Start of DATASET EXCERPTS

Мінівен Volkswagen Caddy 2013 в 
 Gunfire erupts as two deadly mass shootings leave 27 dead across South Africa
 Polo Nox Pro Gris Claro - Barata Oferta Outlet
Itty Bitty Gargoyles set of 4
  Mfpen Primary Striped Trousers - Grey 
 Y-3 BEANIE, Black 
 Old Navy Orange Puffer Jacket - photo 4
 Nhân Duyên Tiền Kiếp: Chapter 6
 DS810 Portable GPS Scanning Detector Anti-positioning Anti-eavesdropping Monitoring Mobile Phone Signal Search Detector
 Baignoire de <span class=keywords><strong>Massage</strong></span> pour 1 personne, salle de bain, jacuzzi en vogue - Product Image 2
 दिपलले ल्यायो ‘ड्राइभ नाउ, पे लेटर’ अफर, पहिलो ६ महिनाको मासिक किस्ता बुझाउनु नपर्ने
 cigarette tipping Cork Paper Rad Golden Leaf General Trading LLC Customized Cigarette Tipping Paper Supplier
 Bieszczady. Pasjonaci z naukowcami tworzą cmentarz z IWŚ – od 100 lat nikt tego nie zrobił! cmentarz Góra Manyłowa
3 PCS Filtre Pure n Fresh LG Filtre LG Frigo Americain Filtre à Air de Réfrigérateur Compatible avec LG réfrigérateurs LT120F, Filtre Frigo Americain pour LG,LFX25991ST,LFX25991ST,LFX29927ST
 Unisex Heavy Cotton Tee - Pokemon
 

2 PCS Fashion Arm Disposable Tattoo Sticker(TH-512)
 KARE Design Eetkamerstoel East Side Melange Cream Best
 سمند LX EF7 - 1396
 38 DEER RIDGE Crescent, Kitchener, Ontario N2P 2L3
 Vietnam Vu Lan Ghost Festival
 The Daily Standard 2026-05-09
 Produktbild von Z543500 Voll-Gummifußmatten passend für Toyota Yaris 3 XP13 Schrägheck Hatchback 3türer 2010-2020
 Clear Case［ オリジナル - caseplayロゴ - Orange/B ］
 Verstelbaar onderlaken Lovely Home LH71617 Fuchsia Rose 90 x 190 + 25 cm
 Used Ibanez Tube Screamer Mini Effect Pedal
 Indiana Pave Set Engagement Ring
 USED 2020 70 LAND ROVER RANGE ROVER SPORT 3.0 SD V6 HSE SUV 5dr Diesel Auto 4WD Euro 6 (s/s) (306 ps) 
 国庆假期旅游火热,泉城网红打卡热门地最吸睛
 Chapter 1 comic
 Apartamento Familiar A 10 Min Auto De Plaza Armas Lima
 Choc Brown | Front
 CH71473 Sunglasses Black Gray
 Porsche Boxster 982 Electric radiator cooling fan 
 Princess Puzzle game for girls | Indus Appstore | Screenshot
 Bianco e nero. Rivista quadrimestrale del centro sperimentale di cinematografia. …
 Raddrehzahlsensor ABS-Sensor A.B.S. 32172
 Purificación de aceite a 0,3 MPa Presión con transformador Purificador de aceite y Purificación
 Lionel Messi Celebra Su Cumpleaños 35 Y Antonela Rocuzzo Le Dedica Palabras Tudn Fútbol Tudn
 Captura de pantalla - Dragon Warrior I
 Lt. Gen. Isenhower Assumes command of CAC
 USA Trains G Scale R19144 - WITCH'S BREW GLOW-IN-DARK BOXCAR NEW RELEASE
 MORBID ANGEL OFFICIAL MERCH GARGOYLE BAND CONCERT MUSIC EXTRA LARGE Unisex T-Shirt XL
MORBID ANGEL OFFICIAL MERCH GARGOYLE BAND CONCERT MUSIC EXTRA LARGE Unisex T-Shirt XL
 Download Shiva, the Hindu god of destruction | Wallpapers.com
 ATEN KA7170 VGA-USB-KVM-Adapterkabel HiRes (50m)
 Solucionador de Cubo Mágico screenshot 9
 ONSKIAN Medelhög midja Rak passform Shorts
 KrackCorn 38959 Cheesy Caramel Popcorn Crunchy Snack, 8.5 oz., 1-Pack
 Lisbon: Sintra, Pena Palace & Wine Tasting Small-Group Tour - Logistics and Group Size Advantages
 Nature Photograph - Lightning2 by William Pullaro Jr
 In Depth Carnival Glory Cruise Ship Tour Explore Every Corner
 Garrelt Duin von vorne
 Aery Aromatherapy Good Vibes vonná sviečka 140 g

End of DATASET EXCERPTS

The lines from the one with "ATEN KA7170 VGA-USB-KVM-Adapterkabel" through the end of the data above are to be set down exactly, with both boundary lines included and no other lines.

 ATEN KA7170 VGA-USB-KVM-Adapterkabel HiRes (50m)
 Solucionador de Cubo Mágico screenshot 9
 ONSKIAN Medelhög midja Rak passform Shorts
 KrackCorn 38959 Cheesy Caramel Popcorn Crunchy Snack, 8.5 oz., 1-Pack
 Lisbon: Sintra, Pena Palace & Wine Tasting Small-Group Tour - Logistics and Group Size Advantages
 Nature Photograph - Lightning2 by William Pullaro Jr
 In Depth Carnival Glory Cruise Ship Tour Explore Every Corner
 Garrelt Duin von vorne
 Aery Aromatherapy Good Vibes vonná sviečka 140 g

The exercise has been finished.